- Theatrical release poster
- Catalan: Cronos
- Directed by: Fernando González Molina
- Screenplay by: Alberto Marini
- Story by: Nacho Carretero; Arturo Lezcano; Alberto Marini;
- Produced by: Núria Valls; Adrián Guerra; Mercedes Gamero; Pablo Nogueroles;
- Starring: Enric Auquer; Mónica López; Diana Gómez; Pablo Derqui; Xavi Sáez; Joan Pedrola; Mima Riera; José Pérez Ocaña; Israel Elejalde;
- Cinematography: Pau Castejón
- Edited by: Verónica Callón
- Music by: Audrey Ismaël
- Production companies: Nostromo Pictures; Beta Fiction Spain; Hogar Produccion AIE;
- Distributed by: Beta Fiction Spain
- Release date: 4 September 2026;
- Running time: 118 minutes
- Country: Spain
- Languages: Catalan; Spanish;

= Operation Cronos =

Operation Cronos (Cronos) is a 2026 Spanish thriller drama film directed by Fernando González Molina and written by Alberto Marini based on the police operative set up in response to the 2017 Barcelona attacks. It stars Enric Auquer, Mónica López, and Diana Gómez.

== Plot ==
In the wake of the attack in Las Ramblas in August 2017, the Catalan regional police force (the Mossos d'Esquadra) set up the so-called to find the perpetrators and prevent another attack.

== Cast ==
- Enric Auquer as Jaume Romeu
- Mónica López as Anna
- Diana Gómez as Daniela
- Pablo Derqui
- Xavi Sáez
- Joan Pedrola
- Mima Riera
- José Pérez Ocaña
- Israel Elejalde

== Production ==
Operation Cronos was produced by Beta Fiction Spain (Mercedes Gamero), Nostromo Pictures (Núria Valls), and Hogar Produccion AIE, in co-production with 3Cat, with backing from RTVE, Movistar Plus+, HBO Max, and support from ICAA and ICEC.

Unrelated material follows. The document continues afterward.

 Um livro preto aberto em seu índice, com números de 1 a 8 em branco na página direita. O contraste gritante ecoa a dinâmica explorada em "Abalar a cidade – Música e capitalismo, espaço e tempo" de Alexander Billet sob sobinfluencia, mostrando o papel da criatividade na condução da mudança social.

Shooting locations included Vilafranca del Penedès.

== Release ==
Distributed by Beta Fiction Spain, the film was released theatrically in Spain on 4 September 2026.

== Reception ==
Carlos Boyero of El País found the film to be "well shot", "well written", and "well researched".

Eulàlia Iglesias of Ara rated the film 2½ out of 5 stars, lamenting that it "ends up reducing the victims to anonymous corpses that only serve to show the pain of the Mossos".

Philipp Engel of Cinemanía rated the film 3½ out of 5 stars, pointing out that its "biggest drawback is also its raison d'être: confining itself to the perspective of the law enforcement forces".

Juan Pando of Fotogramas rated the film 3 out of 5 stars, considering that the director showcases his craft and the cast delivers.